Following our last discussion, I went back to lit search in order to explore the use of planning operators in user interface modeling. Conveniently, Gieskens and Foley published an article titled ``Controlling User Interface Objects through Pre- and Postconditions.'' [1] This article covers a number of situations that we had discussed so I am going to summarize its main points in this writeup.

2 Gieskens and Foley Article

One of the ways to describe the dialogue of an application is with an event language. Pre- and postconditions are concidered to be a ``particularly useful form'' of an event model. They can be used to parially describe semantics of an application. For example, pre- and postconditions are sufficient to fully encode simple dialogue (thus parts of the interaction with the user are performed without any calls to the application). Furthermore, the pre- and postconditions can be used to automatically generate help for interface widgets.

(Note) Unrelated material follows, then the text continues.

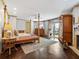 Main bedroom with king-size bed, fireplace, and large windows at 815 Tropical Cir, Sarasota, FL 34242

Gieskens and Foley assume two kinds of preconditions: those that control whether a widget is visible, and those for deciding if it should be enabled. Given the level of automation that we envision, I assume that we SUPPLE should not make this distinction.

As far as communication is concerned (either with the application or among different widgets), Gieskens and Foley suggest using a blackboard - but that's not too relevant for us at this point.

They allow pre- and postconditions to make use of the values of state variables and widget values. They also allow comparisons and arithmetic operations (though they encode them as specialized predicates rather than actual operations). The expressive power of what they proposed can be illustrated by the following two examples (with notation modified by me):


  

nextTrack
pre: currentTrack > 0
currentTrack < totalTracks
post: currentTrack := currentTrack + 1


  

goToTrack
pre:
post: currentTrack := getValue(this)

The first example illustrates the complexity of expressions allowed in pre- and postconditions. The second example shows a situation where the value of the widget is used as the new value of a state variable.

In the later parts of the paper, they note that some times changes to the UI widgets should not immediatelly result in the changes to the underlying state variables. Such situations take place, for example, in printing dialog boxes - the most recent settings should not be changed until we actually press the print button. To address this problem, the paper proposes using a ``propose'' keyword to mark proposed but not committed postconditions. These postconditions can be committed afterwards as a postcondition of the print button. I think that in our case we will not need the ``propose'' keyword. The way we build types and the instantiate them, we can keep changes only within the local scope until the print (or commit or go) button is pressed. This remark applies to compound command types (i.e. write-only types).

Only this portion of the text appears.